Interviews

An interview with Mike Hince

Hi Mike, thanks for taking some time out to answer a few questions for the Everyday Designer readers. I’ve been a fan of your design work for a while and really liked what you did with the Directional Dash iPhone game. Recently you also started your own design company, Bossanova, was going from sole trader to business something you had always planned to do?

I never really planned it, it’s something that’s happened very naturally. I’ve been fortunate enough to get a huge amount of enquiries recently so it seemed like the obvious next step to create a business where there is more resource and a variety of skills. My wife joined the business and has really helped me get back into design as one of the hardest parts about being a busy freelancer with multiple clients is keeping the admin and organisation in line. I now spend more and more time doing what I enjoy which is the design work.

We’re trying to resist the ‘agency’ title and very much consider Bossanova as a ‘studio’, some readers will think ‘it’s the same thing!’ and they would be right, but studio just sounds more “us”. We have set ourselves some really interesting goals which we hope will future proof the business and give us both a fresh challenge each time we head to our desks.

What have been the most noticeable differences you’ve experienced thus far between freelancing and running your own company? Is starting your own business a route you’d recommend to other freelancers?

It’s very early days and we haven’t fully transitioned over to Bossanova yet. But in these early stages there is still so much to do, especially the financial obligations of setting up as a limited company. Finding a good accountant has been essential, someone who really understands the creative industries. Our biggest challenge is convincing clients looking for a freelancer to work with a small team, as understandably they approach a freelancer, they want a freelancer.

We have put systems in place to try and ‘hack’ our enquiries, as very early on Chrissy was spending countless hours replying to emails that we would never hear from again, so we were brave and hooked up an auto reply that linked to a short form, the ones we like the look of or the ones that complete the form get our time. Time is precious and when you stack up all the blocks that go into building a new business you need every minute!

Maybe a bit of a sensitive subject, but there was an unfortunate incident last year when a client essentially disappeared on you. I remember at the time being quite surprised that this could happen to someone with the experience they have in freelancing so it was a bit of wake up call that this can really happen to anyone. What advice would you give to someone who found themself in a similar position and have you changed anything in the way in which you work to avoid these kinds of situations?

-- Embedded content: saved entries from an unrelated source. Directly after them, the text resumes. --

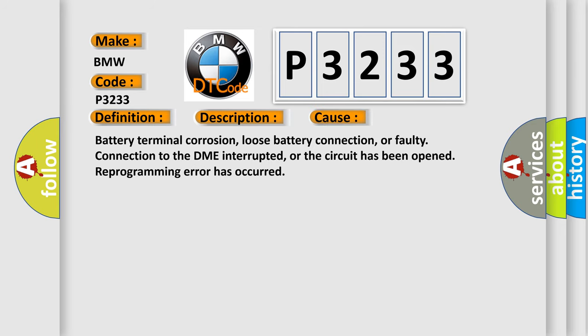This diagnostic error occurs most often in these cases: battery terminal corrosion, loose battery connection, or faulty connection to the DME interrupted, or the circuit has been opened. Reprogramming error has occurred.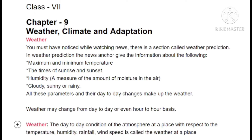The topic which we are going to discuss today is Class 7 Chapter 9: Weather, Climate and Adaptation. We are going to study what is happening in this chapter. The first thing we are going to discuss is the weather — when you are watching the news, you will have seen a section of weather prediction where the news anchor tells you about the weather.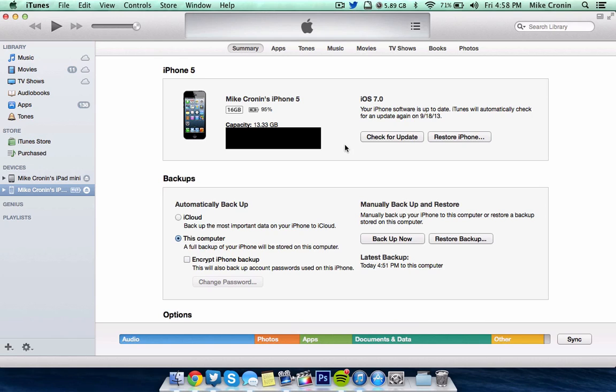Now you have iOS 7, the full version, known as the Gold Master because it came out a little bit early on your iPhone, iPad, or iPod Touch.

It was a massive wake up call. I always invoice a 50% deposit up front with new clients, which this particular client paid with no problem. But when I finished the work and raised the final invoice they never settled. I chased and chased but they seemed to have disappeared off the face of the earth. The client was based in another country so from a legal stand point there was very little I could do to track them down and take action. We now do a lot more due diligence, using services like Company Check to keep an eye on the basic financial credentials, as well as checking the overseas business risks of countries I’ve not worked with before.

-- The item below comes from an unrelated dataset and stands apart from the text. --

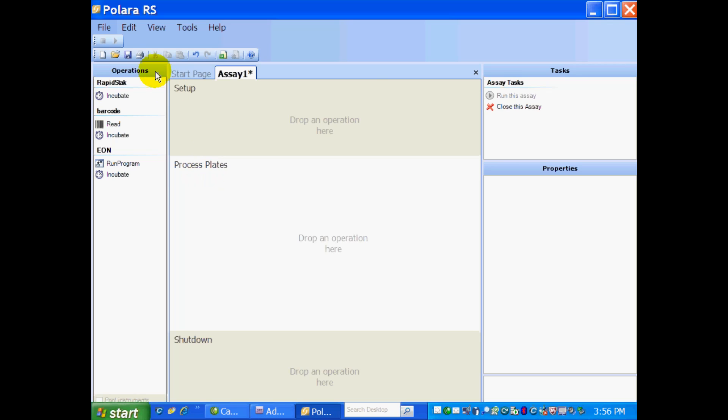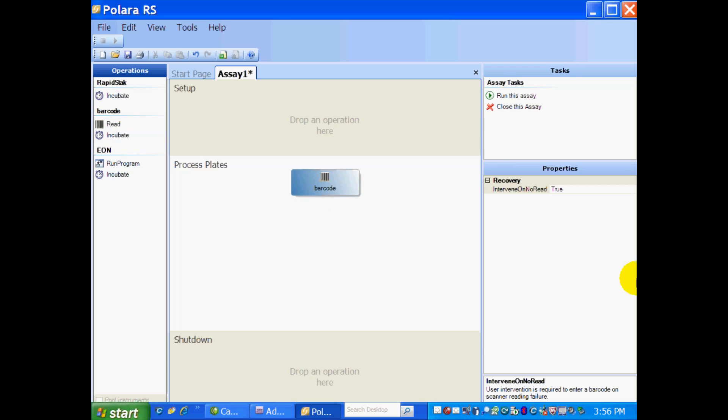All we need to do is drag and drop operations from the left-hand panel into the center panel. So to do that, I'm going to start with my barcode read. And now the Properties box becomes active.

On a more positive note, congratulations on the launch of Howler.co. How did you find balancing the production of this project with client work?

Thanks! It is a juggling act, but Howler.co is something I really enjoy working on so its easy to find time for it at this stage. Having passion projects is what led me to becoming a UI/UX designer, and its where I get some of the best creative reward in my work, so I think I’ll always be tinkering away at something on the side. Having said that if Howler.co takes off how we want it to, I might change my tune if the site gets super busy!

The best thing about side projects and personal startups is you get opportunities to do things that you may not encounter with client work, for example, I’m not currently shouting about Howler but practicing some growth hacking techniques which has already lead to 17k page views and 80 new users in 4 weeks, not to mention the 1000 jokes the site as created. One of the best bits is being able to talk to clients on a level that they will understand, telling them ‘I tried that and this was my experience…’ is hugely powerful.

What are your sources of inspiration? Are there any other individuals that you particularly look up to within the industry?

Oh wow, I tend to use Dribbble and Pinterest for inspiration, there is always amazing work being designed by some far more talented (and younger!) designers than me, but I try not to fall into the trap of designing for the sake of design, every element should have a reason for being on the screen and you have to challenge each decision. I always loved what Teehan & Lax did, it was such a shock to hear they joined Facebook. I love the work of Focus Labs and Creative Dash too, they have such a great culture and it really shows in their work. One of my biggest areas of inspiration seeing what other startups are doing, every now and again you get a startup that just changes everything, for example Twitter’s Periscope; real time is going to be all the time soon and it really changes the way you think about functionality.

This is a question I like to ask people, called “What in your bag?”, and is to get an idea of the equiptment and tools you would carry around with you for a design job. So Mike, what is in your bag?

mike-hince-pic

Oh wow, I’m the least precious designer ever when it comes to my bag… it usually only has a few items. A Macbook Pro, any free notepad I can get my hands on and scribble down ugly notes, wireframe notepads, metal ruler, pen, pencil and mini charging cable. On my desk I have a Apple Cinema Display, Laptop Elevator, Large gaming mousemat, dock for my phone, usually coffee and lots of water. Keep hydrated kids.